Ao contar-me esta visão, e querendo persuadi-la de que significava o contrário e que não devia desesperar de ser, algum dia, o que eu era então, ele, sem nenhuma hesitação, me respondeu: Não, não me foi dito: onde ele estiver está, ali estás tu, mas, onde tu estás ali estará ele. (Conf. 3,11)
3º Dia
Seguiram-se, efetivamente, quase nove anos, durante os quais continuei a me revolver naquele abismo de lodo e trevas do erro, afundando-me tanto mais, quanto mais esforços fazia para me libertar. Entretanto, aquela piedosa viúva, casta e sóbria, como as que Tu amas, já um pouco mais alegre, com esperança, porém, não menos solicita em suas lágrimas e gemidos, não cessava de chorar por mim em Tua presença, em todas as horas de suas orações; e suas preces eram aceitas a Teus olhos, mas deixavas ainda revolver-me e envolver-me naquela escuridão.
Nessa mesma ocasião, destes a minha mãe, por meio de um bispo educado em Tua Igreja e exercitado em Tuas Escrituras, a quem, como ela pedisse, se dignasse a falar comigo, para refutar meus erros, desenganar-me de minhas más doutrinas e ensinar-me as boas – isto ela fazia e quantos julgassem idôneos. Ele negou-se com muita prudência, contestando-lhe que eu estava incapacitado para receber qualquer ensinamento, por estar muito orgulhoso da doutrina maniqueísta e por haver posto em apuros muitos ignorantes com algumas questões fáceis e disse-lhe: deixe-o e unicamente ore por ele ao Senhor! Ele mesmo, lendo os livros dos hereges, descobrirá o erro e conhecerá sua grande impiedade. Ao mesmo tempo, contou-lhe que em sua infância fora maniqueu e por si, viu que aquela seita era digna de desprezo e a abandonou.

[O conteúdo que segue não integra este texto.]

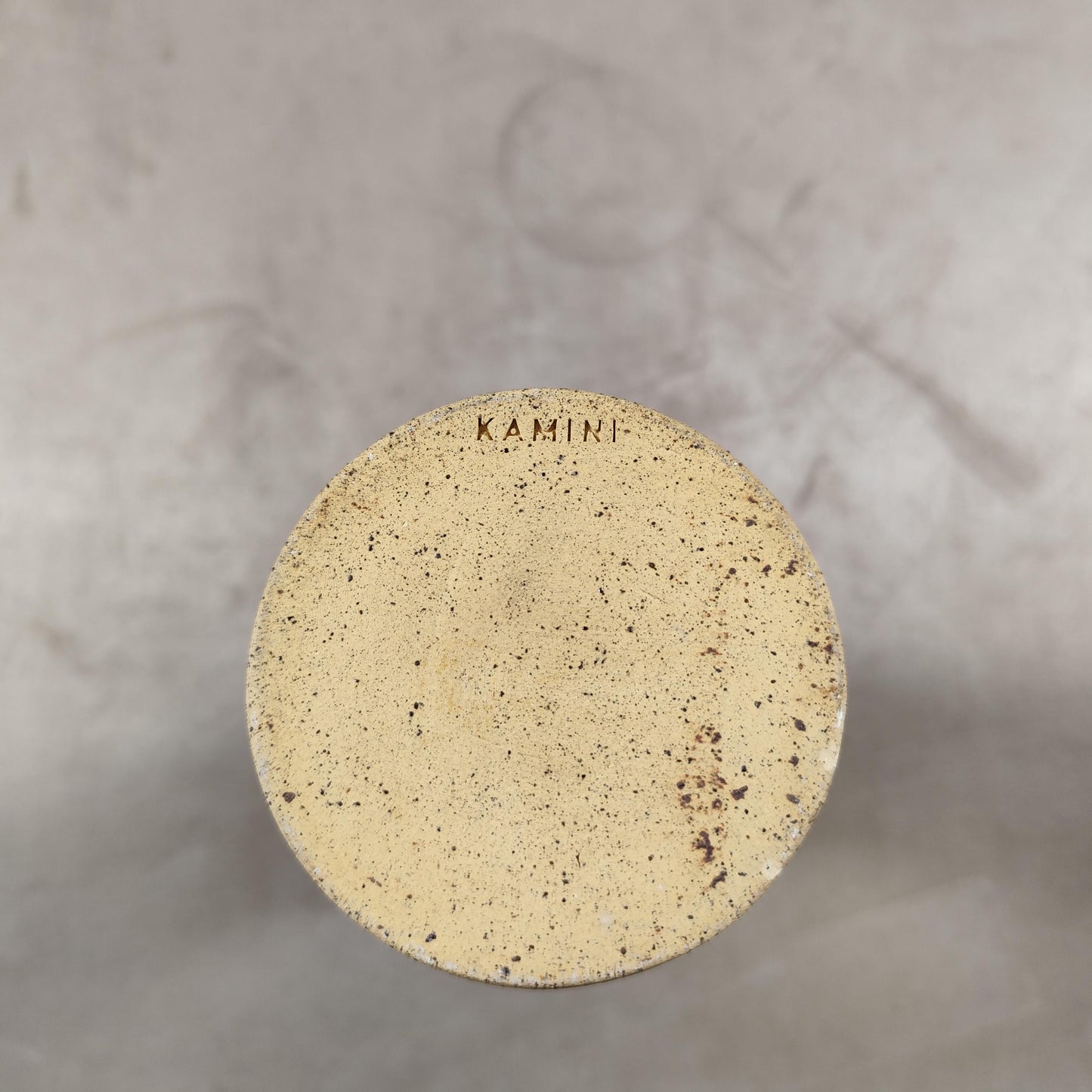 Vase moderne en poterie par Kamini Années 1960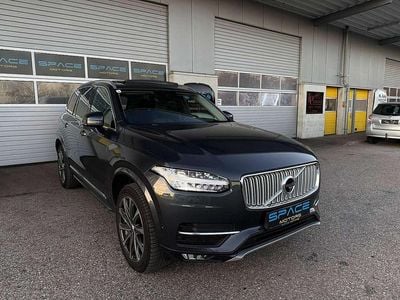 Schwarz Gebraucht 2015 Volvo XC90 Inscription SUV | € 29.990 (Teuer)
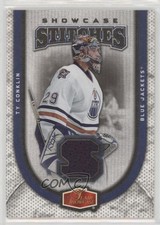 2006-07 Flair Showcase Showcase Stitches Ty Conklin #SS-TC n1u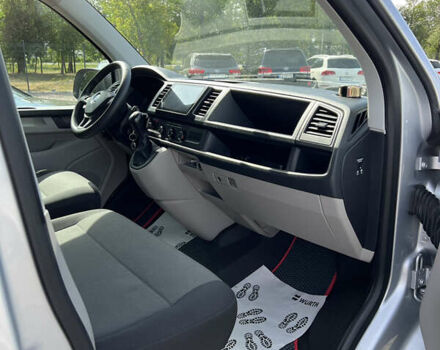 Серый Фольксваген Transporter, объемом двигателя 2 л и пробегом 203 тыс. км за 21500 $, фото 14 на Automoto.ua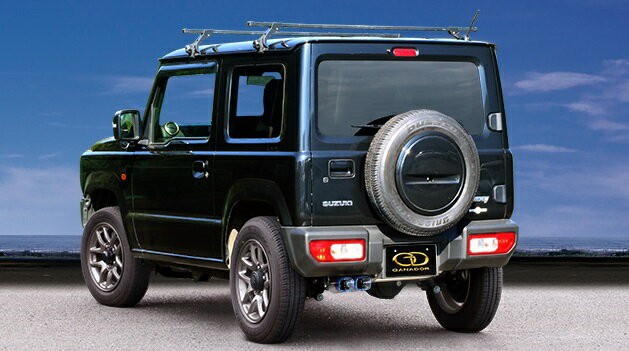 ジムニー 3BA-JB64W マフラー GDE-158QST GANADOR ガナドール Vertex 4WD SUV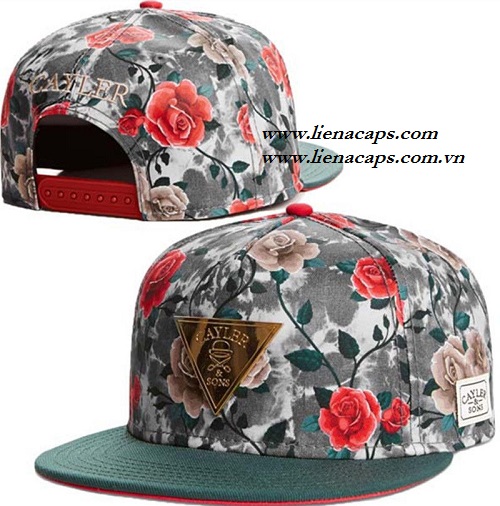 Hiphop Flower Cap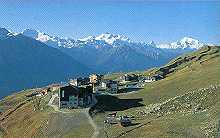 Fiescheralp im Sonnenbad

Como nem mesmo assim Mônica se aquietasse, instando com maiores rogos e mais abundantes lágrimas a que me visitasse, para discutir comigo sobre o tal assunto, o bispo, cansado de sua insistência, lhe disse: Vai-te em paz, mulher, e continue a viver assim. Não é possível que pereça o filho de tantas lágrimas. Estas palavras ela recebeu como vindas do céu segundo me recordavam muitas vezes em seus colóquios comigo. (Conf. 3,12)
4º Dia
Também foi obra Tua, Senhor, o fato de me persuadirem de ir à Roma, para ali lecionar o que ensinava em Cartago: Retórica. Minha mãe chorou atrozmente minha partida, seguindo-me até o mar. Mas tive de enganá-la, porque me retinha por força, obrigando-me a desistir de meu propósito ou a levá-la comigo, para o que, fingi que tinha de me despedir de um amigo que eu não queria abandonar, até que soprando o vento, ele pudesse navegar. Assim, enganei minha mãe e fugi. Tu me perdoaste este pecado misericordiosamente, protegendo-me das águas do mar para chegar às águas da Tua graça. Contudo, como ela se recusasse a voltar sem mim, apenas pude persuadi-la a permanecer aquela noite em uma capela próxima a nosso navio, consagrada à memória de São Cipriano. Mas naquela mesma noite parti às escondidas, deixando-a a orar e a chorar.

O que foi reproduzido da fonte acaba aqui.